(Beginning of Provided material)
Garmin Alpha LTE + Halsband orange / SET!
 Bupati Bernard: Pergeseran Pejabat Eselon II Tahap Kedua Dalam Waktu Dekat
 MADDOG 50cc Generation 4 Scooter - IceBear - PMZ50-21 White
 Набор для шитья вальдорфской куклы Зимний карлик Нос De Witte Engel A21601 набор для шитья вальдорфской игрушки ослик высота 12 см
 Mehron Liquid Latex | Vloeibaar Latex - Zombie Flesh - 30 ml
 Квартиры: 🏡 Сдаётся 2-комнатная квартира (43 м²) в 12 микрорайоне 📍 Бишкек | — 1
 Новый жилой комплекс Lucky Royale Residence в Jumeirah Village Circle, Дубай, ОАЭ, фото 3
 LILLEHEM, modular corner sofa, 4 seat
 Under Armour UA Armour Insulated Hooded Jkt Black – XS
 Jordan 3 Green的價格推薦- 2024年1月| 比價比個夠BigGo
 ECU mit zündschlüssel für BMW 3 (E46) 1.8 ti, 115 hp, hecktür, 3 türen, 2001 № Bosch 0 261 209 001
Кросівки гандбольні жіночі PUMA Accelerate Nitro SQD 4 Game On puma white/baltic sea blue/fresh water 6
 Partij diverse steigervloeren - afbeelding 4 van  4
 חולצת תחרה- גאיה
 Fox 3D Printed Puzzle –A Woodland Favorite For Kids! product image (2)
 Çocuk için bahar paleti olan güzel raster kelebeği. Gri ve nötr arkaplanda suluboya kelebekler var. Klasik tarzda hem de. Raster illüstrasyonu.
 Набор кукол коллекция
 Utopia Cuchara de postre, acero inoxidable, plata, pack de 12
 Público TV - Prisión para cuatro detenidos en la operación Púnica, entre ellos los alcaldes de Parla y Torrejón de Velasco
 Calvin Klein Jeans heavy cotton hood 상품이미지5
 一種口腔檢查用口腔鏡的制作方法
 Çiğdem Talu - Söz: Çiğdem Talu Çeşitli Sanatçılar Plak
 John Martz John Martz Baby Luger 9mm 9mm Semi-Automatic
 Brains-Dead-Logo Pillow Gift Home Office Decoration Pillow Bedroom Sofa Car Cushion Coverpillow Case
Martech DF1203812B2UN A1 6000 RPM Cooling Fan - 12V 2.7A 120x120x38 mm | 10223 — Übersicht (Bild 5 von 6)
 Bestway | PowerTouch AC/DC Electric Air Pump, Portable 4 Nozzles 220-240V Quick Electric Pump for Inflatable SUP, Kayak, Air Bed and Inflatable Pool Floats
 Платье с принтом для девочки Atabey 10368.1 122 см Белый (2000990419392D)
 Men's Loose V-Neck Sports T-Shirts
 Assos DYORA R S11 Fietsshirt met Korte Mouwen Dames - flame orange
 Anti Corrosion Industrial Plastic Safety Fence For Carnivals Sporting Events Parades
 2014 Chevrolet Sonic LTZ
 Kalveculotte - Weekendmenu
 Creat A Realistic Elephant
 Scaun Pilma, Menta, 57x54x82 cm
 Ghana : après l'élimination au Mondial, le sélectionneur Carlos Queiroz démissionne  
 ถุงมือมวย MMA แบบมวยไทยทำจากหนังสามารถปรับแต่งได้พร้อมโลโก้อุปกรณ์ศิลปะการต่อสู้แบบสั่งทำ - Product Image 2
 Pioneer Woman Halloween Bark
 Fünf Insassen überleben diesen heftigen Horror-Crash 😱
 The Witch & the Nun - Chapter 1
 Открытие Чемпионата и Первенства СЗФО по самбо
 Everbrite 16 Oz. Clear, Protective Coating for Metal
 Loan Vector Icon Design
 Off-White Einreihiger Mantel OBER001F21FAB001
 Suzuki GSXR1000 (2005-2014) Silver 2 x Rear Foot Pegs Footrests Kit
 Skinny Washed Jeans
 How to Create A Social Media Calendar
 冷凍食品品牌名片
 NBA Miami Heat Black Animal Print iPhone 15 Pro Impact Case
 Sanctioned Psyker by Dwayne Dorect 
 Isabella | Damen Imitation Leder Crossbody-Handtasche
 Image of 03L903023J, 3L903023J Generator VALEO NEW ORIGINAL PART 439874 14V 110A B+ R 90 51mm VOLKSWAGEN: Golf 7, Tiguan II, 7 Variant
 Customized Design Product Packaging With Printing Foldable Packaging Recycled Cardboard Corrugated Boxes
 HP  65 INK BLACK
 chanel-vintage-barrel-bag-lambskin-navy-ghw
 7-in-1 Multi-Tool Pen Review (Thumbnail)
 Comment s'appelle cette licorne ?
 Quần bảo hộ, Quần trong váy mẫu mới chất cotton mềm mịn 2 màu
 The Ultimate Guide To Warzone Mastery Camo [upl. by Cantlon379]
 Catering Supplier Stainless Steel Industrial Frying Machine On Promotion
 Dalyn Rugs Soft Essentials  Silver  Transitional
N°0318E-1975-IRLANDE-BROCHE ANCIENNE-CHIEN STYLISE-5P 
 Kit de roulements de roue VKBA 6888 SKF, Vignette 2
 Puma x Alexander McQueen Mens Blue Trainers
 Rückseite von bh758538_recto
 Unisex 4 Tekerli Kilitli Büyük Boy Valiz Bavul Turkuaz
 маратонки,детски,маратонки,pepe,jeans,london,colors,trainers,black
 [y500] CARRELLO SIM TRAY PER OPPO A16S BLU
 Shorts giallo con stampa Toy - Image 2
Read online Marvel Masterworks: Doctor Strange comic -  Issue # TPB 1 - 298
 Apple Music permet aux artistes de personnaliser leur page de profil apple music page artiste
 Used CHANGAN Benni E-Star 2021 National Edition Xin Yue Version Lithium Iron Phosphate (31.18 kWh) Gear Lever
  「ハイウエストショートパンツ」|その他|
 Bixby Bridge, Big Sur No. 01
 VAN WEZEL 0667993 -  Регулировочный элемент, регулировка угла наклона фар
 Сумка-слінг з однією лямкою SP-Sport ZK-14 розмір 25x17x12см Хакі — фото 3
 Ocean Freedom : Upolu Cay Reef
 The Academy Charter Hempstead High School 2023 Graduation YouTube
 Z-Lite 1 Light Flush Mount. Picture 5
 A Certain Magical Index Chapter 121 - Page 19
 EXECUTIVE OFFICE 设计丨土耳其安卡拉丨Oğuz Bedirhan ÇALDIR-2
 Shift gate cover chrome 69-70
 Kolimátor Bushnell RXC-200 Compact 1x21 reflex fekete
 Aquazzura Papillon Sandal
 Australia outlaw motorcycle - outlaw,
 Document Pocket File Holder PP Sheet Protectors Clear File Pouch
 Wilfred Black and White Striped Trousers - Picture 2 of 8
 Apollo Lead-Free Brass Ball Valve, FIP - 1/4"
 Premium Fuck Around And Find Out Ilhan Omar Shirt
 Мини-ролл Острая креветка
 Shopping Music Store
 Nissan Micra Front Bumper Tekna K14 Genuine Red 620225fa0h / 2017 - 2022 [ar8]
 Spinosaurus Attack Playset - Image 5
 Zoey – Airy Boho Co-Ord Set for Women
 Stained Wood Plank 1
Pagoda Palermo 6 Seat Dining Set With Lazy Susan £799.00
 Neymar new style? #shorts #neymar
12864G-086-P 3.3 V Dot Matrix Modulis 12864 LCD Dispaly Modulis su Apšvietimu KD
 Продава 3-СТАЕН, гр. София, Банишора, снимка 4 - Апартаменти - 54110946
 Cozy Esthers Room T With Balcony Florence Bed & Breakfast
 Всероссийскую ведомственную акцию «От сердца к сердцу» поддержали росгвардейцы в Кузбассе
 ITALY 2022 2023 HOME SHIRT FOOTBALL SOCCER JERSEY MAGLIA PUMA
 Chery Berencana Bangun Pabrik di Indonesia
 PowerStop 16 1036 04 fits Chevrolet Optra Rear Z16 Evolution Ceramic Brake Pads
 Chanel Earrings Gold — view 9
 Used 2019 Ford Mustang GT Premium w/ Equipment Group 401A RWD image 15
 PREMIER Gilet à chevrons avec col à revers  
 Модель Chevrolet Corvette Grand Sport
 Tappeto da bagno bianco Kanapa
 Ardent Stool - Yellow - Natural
(End of Provided material)
**Problem:**
Which lines of the listing contain the word "Набор"? Copy each of them.

**Output below:**
 Набор для шитья вальдорфской куклы Зимний карлик Нос De Witte Engel A21601 набор для шитья вальдорфской игрушки ослик высота 12 см
 Набор кукол коллекция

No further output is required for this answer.